Les organisations agricoles majoritaires (FNSEA, JA, Coop de France, APCA, CNMCCA) contestent de manière générale « le recours systématique aux mesures obligatoires et contraignantes, qui sont dépourvues de toute vertu pédagogique ». Dans un communiqué commun, les OPA dénoncent le projet de redevance sur l’azote « qui va renchérir les coûts de produits agricoles », et s’étonnent du nombre important de restrictions envisagées concernant la création de nouvelles ressources en eau.
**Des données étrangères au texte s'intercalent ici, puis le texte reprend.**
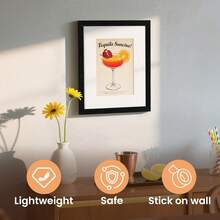 Juego de 6 marcos para cuadros de 5 x 7, imágenes de 4 x 6 con tapete o 5x 7 sin tapete, Marcos Para Fotos Pared, Negro. - 1 - Ver 10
Les producteurs de maïs (AGPM) préfèrent, eux, ne retenir que les déclarations positives de Roselyne Bachelot expliquant qu’elle «  n’a aucun a priori contre la création de ressources nouvelles ». Dans une lettre ouverte à Jacques Chirac, l’AGPM regrette que 3% seulement de l’eau de pluie soit utilisée en France et appelle le gouvernement une politique ambitieuse de devéloppement des retenues d’eau. De manière générale, les organisations majoritaires déplorent que le montant de la taxe sur les phytosanitaires (TGAP) ne soit pas affectée au budget des agences de l’eau, mais estiment que Roselyne Bachelot « a pris la mesure des inquiétudes des agriculteurs » en acceptant de créer un fonds de garantie pour l’épandage des boues.

La Coordination rurale reçue par Bachelot

La Confédération paysanne dénonce de son côté « l’option libérale » du projet de loi, « très conciliante à l’égard des pratiques productivistes qui confisquent abusivement la ressource en eau et polluent dramatiquement certaines régions ». La redevance sur l’azote est qualifiée de « taxe aveugle » par la confédération. En matière de prélèvement d’eau, le projet de R. Bachelot « fait de la gestion privée la règle, et le contrôle public l’exception ». Le Modef s’oppose quant à lui à la redevance azote qui serait « un droit à polluer pour l’agriculture industrielle ». « Une taxe de plus dans le contexte présent, d’une année 2003 calamiteuse n’est pas la réponse à la crise porcine, à la cessation de l’élevage avicole, à la prise en compte de l’environnement par les petits et moyens exploitants » ajoute le Modef.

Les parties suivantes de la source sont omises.